Rafał Malczewski's painting for the Na Skarpie villa
Displayed at the exhibition, Rafał Malczewski's double-sided painting connects Zakopane with the capital city. It was created in the 1930s for Jadwiga Elżbieta Pniewska, wife of Bohdan Pniewski, for their Na Skarpie villa in Warsaw. The villa gained fame as an icon of modernist architecture and the life's work of its owner, who was also the designer. Bohdan Pniewski, one of the most famous architects of Warsaw in the previous century, designed it for his own use in 1936-1937. The building, in the form of a simple, heavy block, was transformed from a classical garden pavilion designed by Bogumił Zug, which later served as the presumed headquarters of a Masonic lodge.

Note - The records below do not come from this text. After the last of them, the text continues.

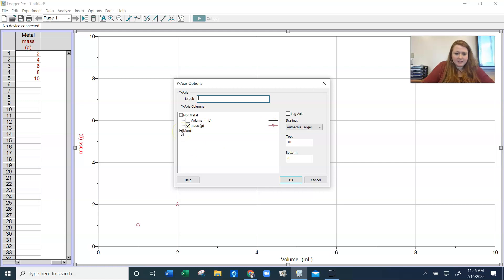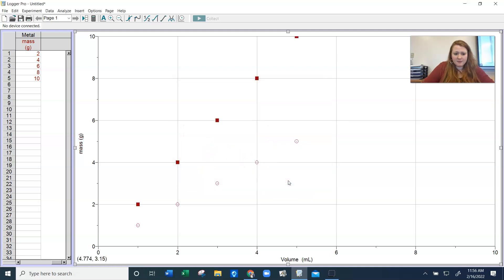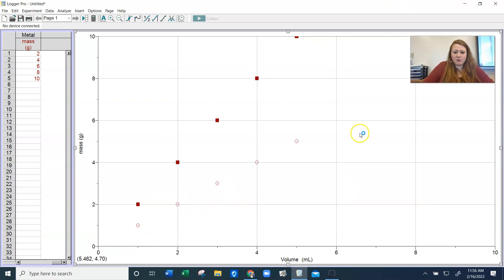If I click this plus, now I can tell it to also graph the mass of the metal. And I can say okay. Now I have two lines on the same graph, and that's what we want to see.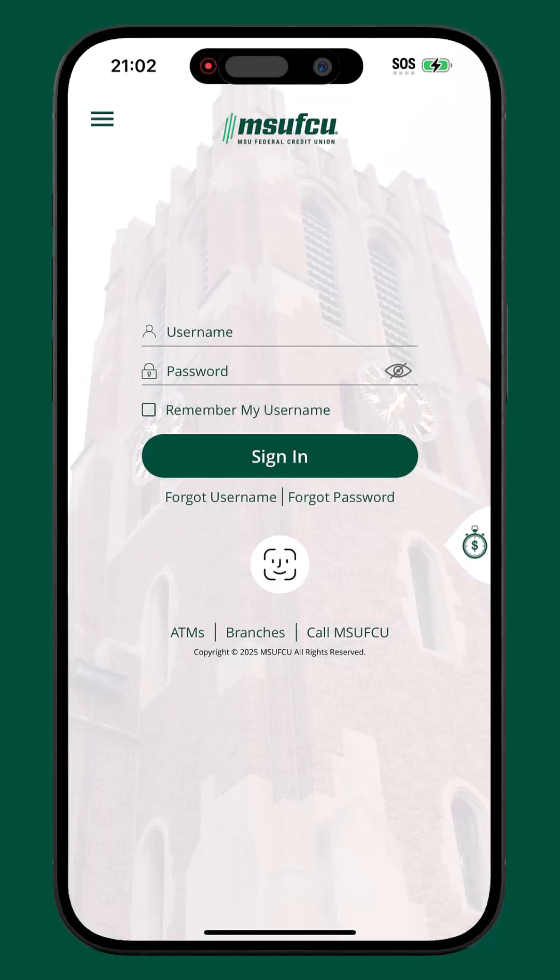The mobile app allows members to manage their account from their phone or tablet. The goal of this video is to provide additional guidance in the event you reach an error when signing in to the mobile app.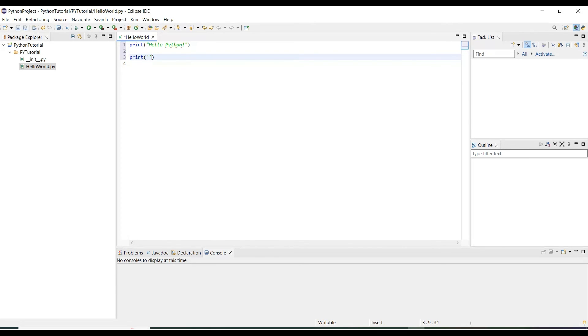Single quotation, hello Python world. So it is with the single quotation.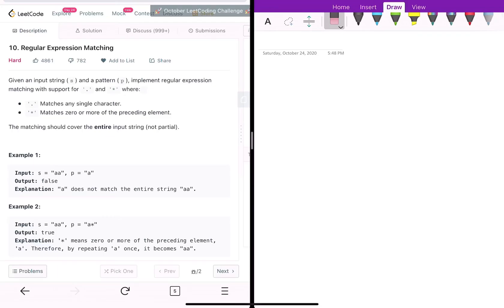Hey guys, so today we're going to look at a different problem called regular expression matching. It's a very classic problem of dynamic programming, but we're going to solve it first using recursion and then I'm going to show you how we can optimize it using memoization.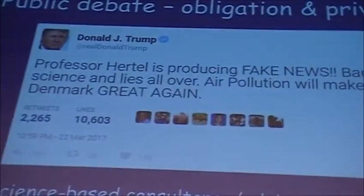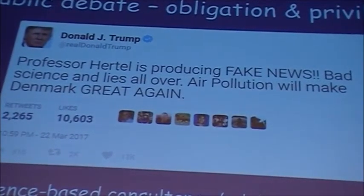I see it as an obligation and a privilege to take part in the public debate. We need to provide science-based consultancy and advisory, and we have to contribute to public awareness — this is an important part of our work. We need to stay objective and provide no fake news in what we are doing.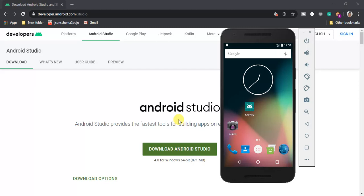Hey guys, welcome to this tutorial. Today we are going to learn how to develop mobile applications using Kotlin. This tutorial is a series of beginner Kotlin tutorials whereby I'm going to teach you how to use Kotlin to develop mobile applications. In my previous tutorial I've been using Java, so if you want to learn Kotlin I highly suggest you follow this tutorial series.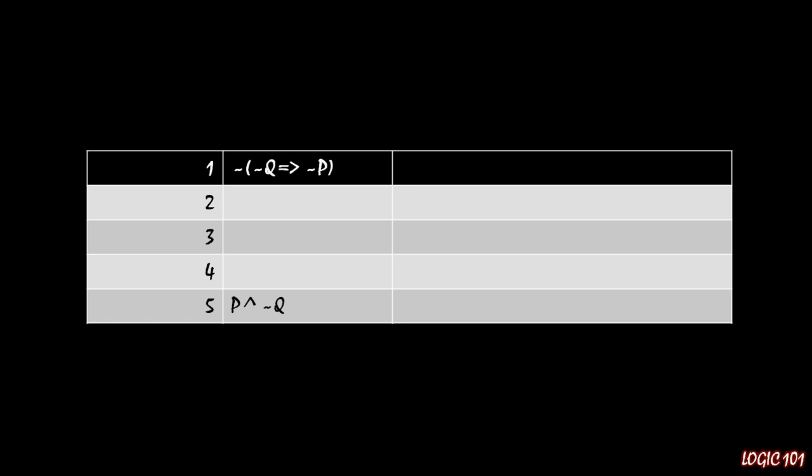So I want you to notice that in line 1, we have inside of the parentheses NOT Q implies NOT P. If you remember back to our lecture on contraposition, you might recall that you can simplify an implication with a whole bunch of negations in it with contraposition. Contraposition says that if you swap the antecedent and the consequent, you can erase negations on both sides. So instead of having NOT Q implies NOT P, you can have just P implies Q. And of course, the negation holds through because we're just changing what's inside of the parentheses. So we still have NOT P implies Q as the overall statement in line 2. So line 1, you contraposition the inside of the parentheses, and that's how you get from line 1 to line 2.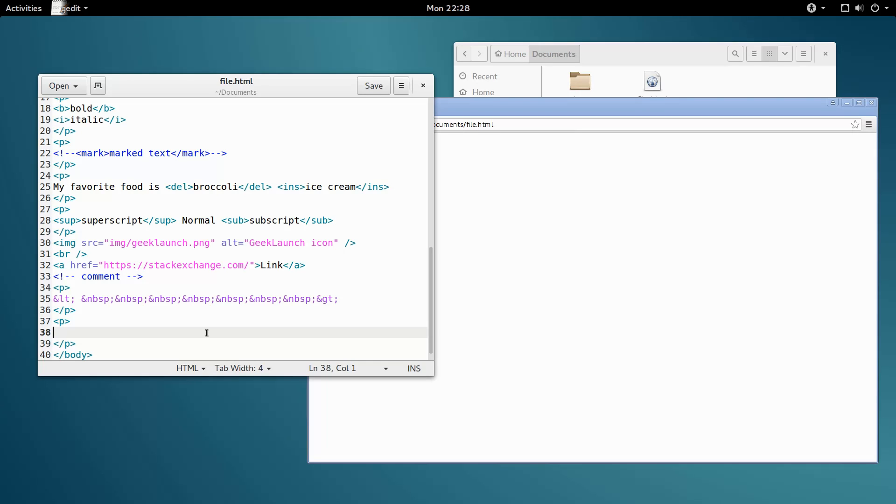Hello everybody, welcome to web development video number 12. Today we're going to learn a little more about links, expanding what we learned a couple videos back.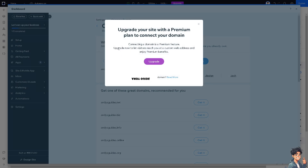You will need to upgrade your site with a premium plan to connect your domain, as connecting a domain is a premium feature. Upgrade now to let visitors reach you at a custom web address and enjoy premium benefits. Click the Upgrade button.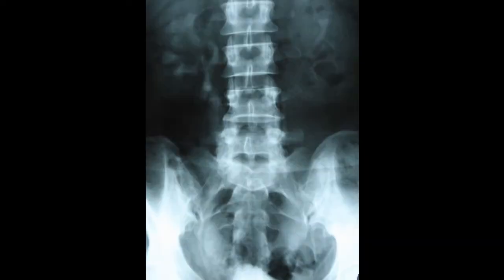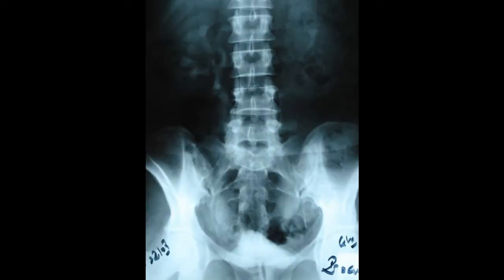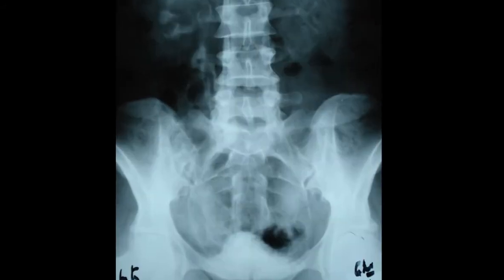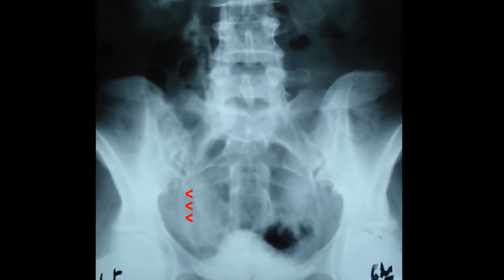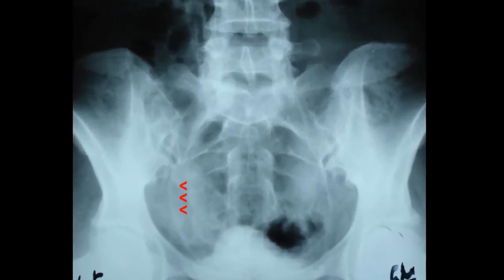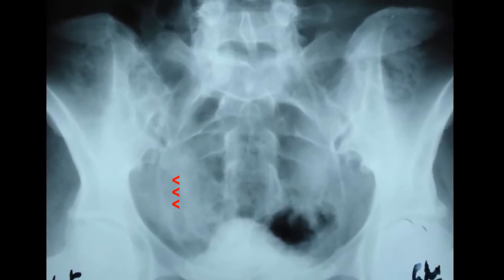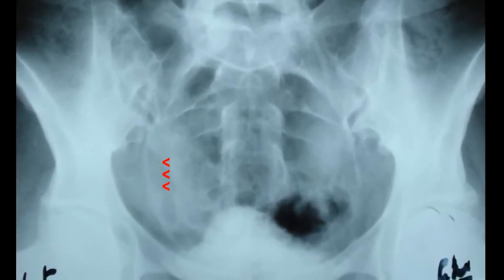Intravenous urography showing a non-dilated kidney and a normal diameter ureter.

Its earlier history is reminded by the preserved classical portico from the garden side, consisting of Doric half-columns. The architect added viewing terraces on the higher floors and also included an additional floor. On the Na Skarpie Ave side, the elevation with small window openings and the embedded main entrance, covered with sandstone slabs, resembles a defensive structure. The crowning touch of the project was the inscription carved on a smooth slab, a mysterious Latin inscription meaning: "The trailing one rebuilt the temple of the Masons and dwelt in it."
Not only was the concept of the villa's external structure meticulously thought out, but also its interior. Stone walls were covered with lime mortar, and the floors were laid with dark and light marble, in addition to sandstone veneers juxtaposed with plastered wall sections and oak flooring. One of the surprising solutions was, for example, the lining of the ceiling of the study with built-in, original folk troughs. It seems that Malczewski's painting depicting mountain huts fit perfectly into this austere decor. According to family legend, the work was intended to serve as a partition between the spouses' bedrooms, hence its composition is two-sided. Who got the sunny view and who got the gloomy, rainy day? Unfortunately, it is impossible to find out anymore. Both sides of the work encapsulate all the most characteristic features of Rafał Malczewski's work: experiments with form, that is, composition of plans, variety of perspectives, synthesis of shapes, as well as bold color combinations. The theme of the painting refers to numerous landscapes by the painter, presenting a poetic, provincial world of small and trivial things, in which people played insignificant roles. It was mainly nature and the magnetism of the mountains that inspired the artist. However, the painter did not directly transfer the external world onto canvas or plywood but transformed it into a painterly concept, which became a second reality, governed by its own laws, constituting a parallel, coherent, and purified world. This specific realism of Malczewski's was extremely intriguing to Witkiewicz:
"Malczewski's paintings, despite their overall realism (that is, the reflection of a certain reality) and the lack of all the virtues of purely artistic qualities (that is, composition and harmony of colors and the grasp of form, serving to highlight its constructiveness), are not a transformation or transposition of the nature in which we live, but rather the result, the creation of a completely different world, having externally only a distant resemblance to the arrangement in which we are stuck like in a prison"
(Stanisław Ignacy Witkiewicz, Exhibition of Rafał Malczewski in Zakopane, quoted in: Stanisław Ignacy Witkiewicz o czystej formie i inne pisma o sztuce, ed. J. Degler, Warsaw 2003, p. 122).